By moving Data 360 onto the flex credit model and introducing profile-based SKUs, Salesforce is acknowledging a structural flaw in the traditional consumption-based approach: it forced customers to forecast future use cases and data volumes with unrealistic precision, often leading to over-purchasing, under-utilization, or surprise overages.
The profile-based option, which Salesforce already says is gaining traction with customers, offers a secure total cost of ownership and aligns with how marketing and CX leaders budget. But the real test will be whether these models scale to complex, multi-departmental deployments, especially as data teams increasingly blur lines between marketing, sales, service, and analytics. Salesforce’s move is a direct answer, but only if the new pricing models prove as simple in practice as they are in theory.
Execution Risk: Multi-Model Complexity and Buyer Confusion
Salesforce’s focus on demonstrating value in its offerings – particularly with AI (note the new announcement of the Agentic Work Unit, which will be the focal point of an upcoming Futurum Analyst Insight Report) – aligns with the larger organizational goal of aligning Salesforce’s goals with those of its customers. While the company is seeing strong adoption of Agenforce, those solutions require readily accessible data, and Salesforce needs to do all it can to ensure customers continue to rely on Data 360 as their primary management platform.
Although the simplification narrative is powerful, the reality is that enterprises now face a menu of purchasing options: flex credits, profile-based SKUs, and unmetered visualization analytics, each with its own operational nuances. This could create a new form of complexity, especially for organizations with overlapping use cases (e.g., data science, marketing, and service teams all leveraging Data 360 differently).
Salesforce’s new calculator and digital wallet features are a step forward, but success will depend on Salesforce’s ability to deliver not just transparency, but actionable guidance and ongoing support for hybrid pricing models.
Competitive Dynamics: Preempting Adobe, Microsoft, and the Rise of Composable CDPs
Salesforce’s overhaul is as much a defensive play as an offensive one. Adobe has pushed hard on composable CDP architectures, while Microsoft is bundling data and analytics services more tightly with Azure Synapse and Fabric. By un-metering Tableau analytics and consolidating credits, Salesforce is trying to lock in customers at the analytics layer, where switching costs and data gravity are highest.
Zero-copy partnerships with Snowflake and Databricks further cement Data 360’s role as the activation layer for enterprise data. However, the window to establish Data 360 as the default is closing: vendors like Twilio Segment and emerging AI-native CDPs are aggressively targeting greenfield and mid-market buyers with simpler, usage-based models. The question is whether Salesforce’s hybrid approach can balance flexibility and simplicity, or risk being outflanked by nimbler, more focused competitors.
What to Watch:
- Adoption rates of profile-based SKUs among enterprise marketing and CX teams over the next two quarters
- Customer sentiment and NPS around the new flex credit and digital wallet features by Q3 2026
- Competitive moves from Adobe and Microsoft—will they follow with similar unmetered or hybrid pricing for analytics and CDP workloads?
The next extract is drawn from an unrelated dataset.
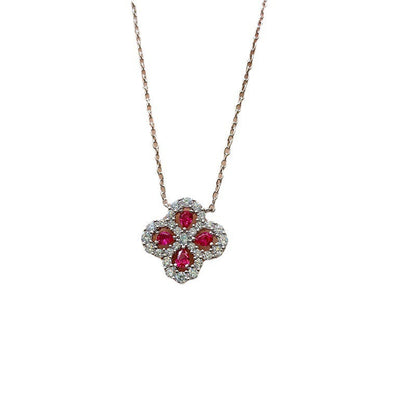 Ruby Square Bracelet for Women - Perfect Mother&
- Emergence of third-party tools or consulting practices to help enterprises optimize across hybrid pricing models—signal of ecosystem complexity or opportunity
Disclosure: Futurum is a research and advisory firm that engages or has engaged in research, analysis, and advisory services with many technology companies, including those mentioned in this article. The author does not hold any equity positions with any company mentioned in this article.
Analysis and opinions expressed herein are specific to the analyst individually and data and other information that might have been provided for validation, not those of Futurum as a whole.